Mengawali tahun 2014, kehadiran pasagan ini memberikan inspirasi kepada insan Televisi, bahwa: ‘Hanya kekuatan cintalah yang mampu membuatnya bertahan, karena mereka saling menghargai dan saling memberikan yang terbaik bagi kekurangan dari masing-masing pasangannya’.  Stasiun-stasiun Televisi yang biasanya alergi memunculkan para artis senior karena sudah jadul, tapi pengecualian pasangan ini muncul berturut-turut diAcara berGengsi di Televisi Swasta seperti: ‘Overa Van Java-TRANS,  Bintang Tamu di acara konser Wali di SCTV, Campur-campur- ANTV, Famili 100-NET, D’Terong Show-INDOSIAR,dll.

Baru saja (tahun 2014), pasangan ini kembali berakting di Sinetron FTV diTelevisi  adalah bukan sesuatu yang baru  bagi Titiek sandhora maupun Muchsin, Jauh sebelumnya di masa nama mereka Populer di Tahun 70’an sebagai penyanyi, dunia akting telah menyeretnya ke Layar Lebar dengan serangkaian Film-film yang ditunggu pencintanya, seperti:  Dunia Belum Kiamat, Bundaku Sayang, Lagu Untukmu, Kasih Sayang, Permata Bunda, Ali Topan Anak Jalanan. Bahkan Titiek Sandhora pernah berAkting bersama Christine Hakim sebagai Pemeran Utama di Film ‘Surat Undangan ditangani sutradara Ishaq Iskandar pada Tahun.1975.

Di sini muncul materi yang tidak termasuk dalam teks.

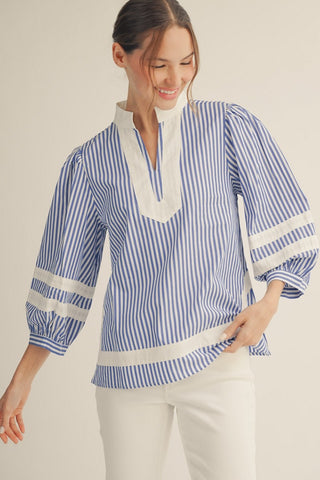 Spring Breeze Stripe Top-Blue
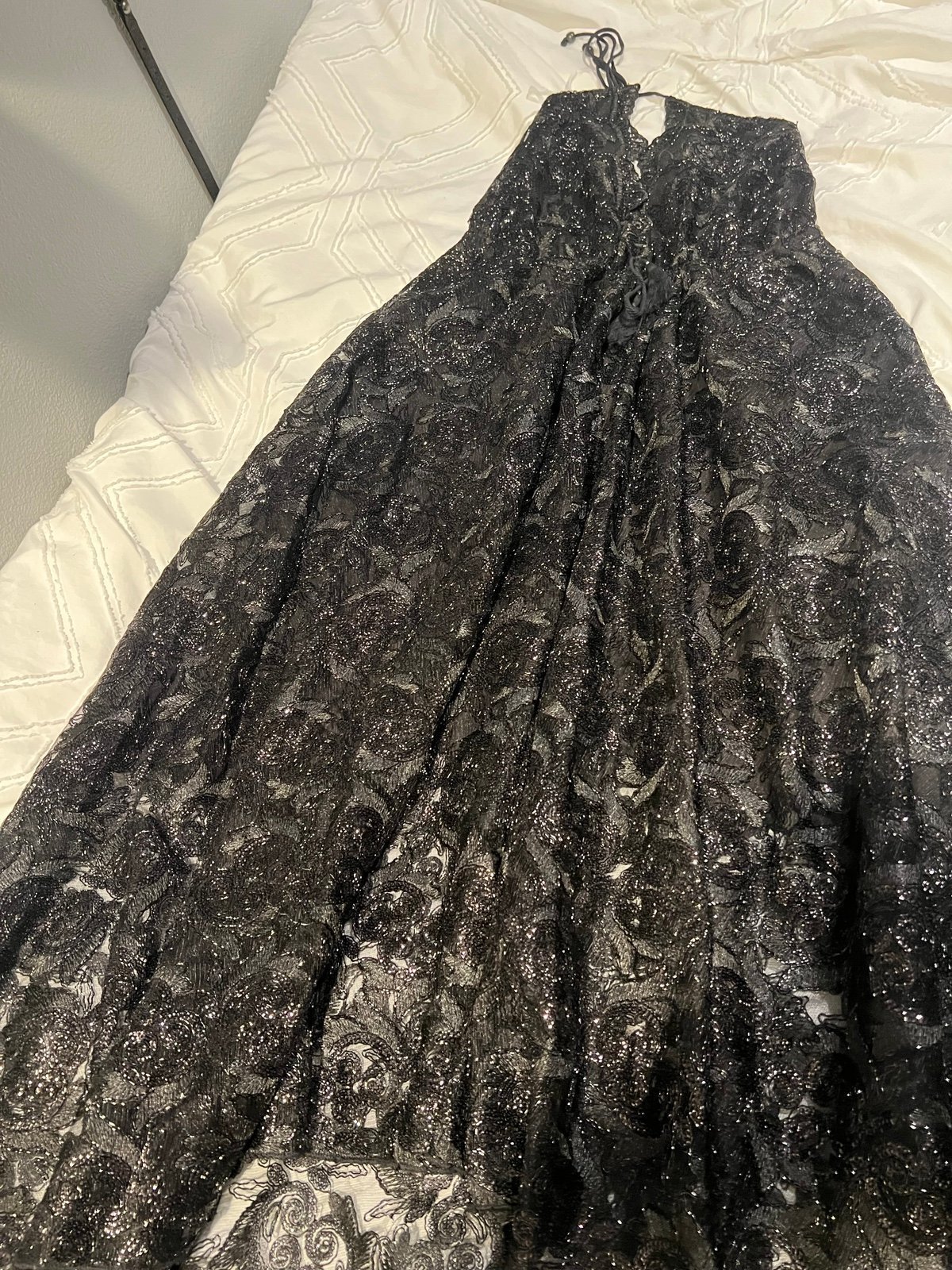 “NEW BLACK SEQUINED FORMAL “dress OS , sleeveless, spag. strap REDUCED 4/24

Kini Titiek Sandora bersama suaminya 'Muchsin Alatas' hidup bahagia bersamaPutra-Putri tercintanya ‘Bobby, Beby, Bella’ dan ditemani keceriaan cucu-cucunya dan tetap menjadi sebuah 'ikon' untuk percontohan keutuhan Rumah Tangga yang sehat dan tentram tak pernah tergoyahkan. Kehadiran duet Titiek sandhora dan Muchsin alatas dimasa dulu dan sekarang tetap menjadi sebuah ikatan kekuatan cinta dari awal pertemuan 'Adam dan Hawa' hingga hari ini masih tetap mengikrarkan jalinan kasihnya hingga maut terpisahkan sampai 'Dunia Belum Kiamat...Amin

THE GEMBELL’S



THE GEMBELL’S

Grup lawas ini sudah terbentuk sejak tahun 1969 atas prakarsa seorang pemuda kelahiran Tarutung,Sumatera Utara, 4 oktober 1944 yang bernama ‘Dohar Victor Maruli Nasution Gelar Mangaraja Sri Daulat’ atau dikenal nama Victor Nasution. Bakat seni yang mengalir ditubuhnya ternyata dari orang tuanya ‘Emanuel Nasution Gelar Sutan Sri Alam & Ibu Deokkur Siregar’ yang menguasai musik Biola dan seni suara, keluarga bangsawan dari Tapanuli Selatan ini sudah meninggalkan tanah Batak dan merantau ke tanah Jawa sejak tahun 1950an dan menetap di kota Bogor. Victor Nasution melanjutkan sekolah SMAnya di kota Surabaya mengikuti abangnya ‘Donar Effendy Nasution’ yang juga seorang Tokoh Gereja HKBP, disinilah kekuatan seninya terhimpun bagi jiwa seorang Victor Nasution untuk mengawalinya dan membentuk THE GEMBELL’S akronim dari ‘Gemar Belajar‘ tapi sayangnya para personilnya tdk pernah solid hingga akhirnya baru Thn 1970 ‘The Gembell’s’ benar-benar menemukan arti nama keSETIAan para personilnya ‘berIkrar’ sampai benar-benar The Gembell’s dinyatakan Bubar secara tidak resmi. Akhirnya tahun 1987 adalah tahun dimana The Gembell’s benar-benar ‘non aktip’ tapi belum dinyatakan bubar secara resmi, karena para personilnya masih ‘solid’ sering diundang dan tetap masih mengusung nama The Gembell’s bila sang pentolan Victor Nasution terlibat kembali atau sebaliknya bila hanya peronilnya saja yang show disuatu tempat mereka tidak memakai nama The Gembell’s. Kali ini penulis mengulik kisah sejarah perjalanan dari salah satu Grup Band bersal dari kota Surabaya untuk dicatatkan sebagai Legendaris di musik indonesia.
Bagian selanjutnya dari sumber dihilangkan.